Leaders motivate, inspire and guide their followers, however, the perceptions and attributions of the leader as seen by the followers can directly affect organisational success, no matter how inspiring the leader may see themselves as. This leader-follower relationship is a key component in organisational success and there are several ways it affects it. Firstly the leader’s mood directly affects the performance of the followers. Secondly, trust in leader-follower relationships is critical for individual and organisational. Lastly, the leadership style, namely transformational leadership, is a main factor in the leader-follower relationship, and thus also affects organisational success.

Leader’s moods are a major part of the leader-follower relationship, as such, it is believed that leaders positive moods impact the performance of their team. A positive leader creates greater organisational success by influencing their followers from their positive mood and inspiring a better work ethic.

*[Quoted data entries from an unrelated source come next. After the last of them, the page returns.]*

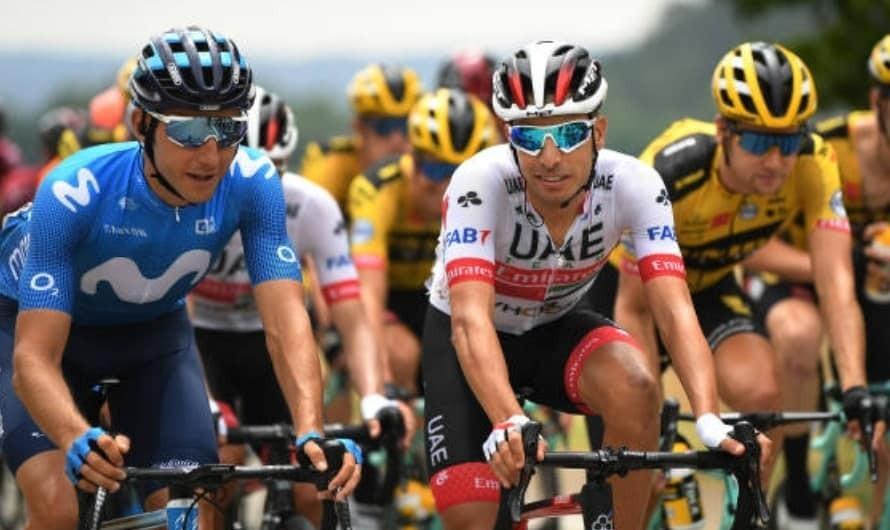 Fabio Aru con il gruppo nell’esordio a Burgos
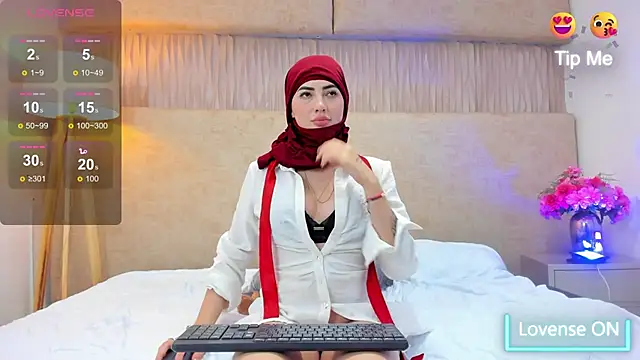 taylorsmiiith  online show from February 25, 10:18 pm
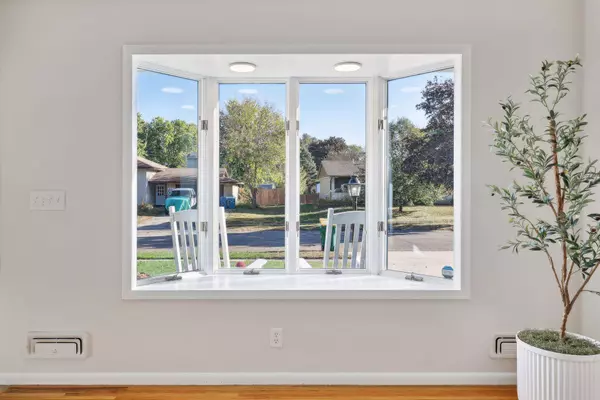 856 Cortland DR, Apple Valley, MN 55124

According to one study, it was found that leader positive moods positively predicted group coordination, through increasing the overall affective tone in the group, this was seen in a sample of 56 self-management student teams (Chi et al., 2011). Transformational leadership behaviours are the key motivator in leaders positive moods that affect team process and performance, this is seen through conscious, deliberate, and explicit processes. Watson, Clark, and Tellegan (1988) defined positive moods as the “extent to which a person feels enthusiastic, active, and alert… [a high positive mood] is a state of high energy, full concentration, and pleasurable engagement.” (pg. 1063) A further three studies have looked into the affect of leaders with higher positive moods and how this correlates with their teams performance. George and Bettenhausen (1990) used 33 stores as a research sample, to find that leader positive moods are positively related to work group sales performance (r = .35). Also, George (1995) documented that leaders with higher positive moods created better sales team performance (r = .41). Lastly, Gaddis et al. (2004) used a sample of 87 student teams and found that teams with leaders in positive moods performed better in terms of quality than did teams with leaders in negative moods. Overall it is apparent that the relationship between the leader and follower strongly relies on ones mood for organisational success.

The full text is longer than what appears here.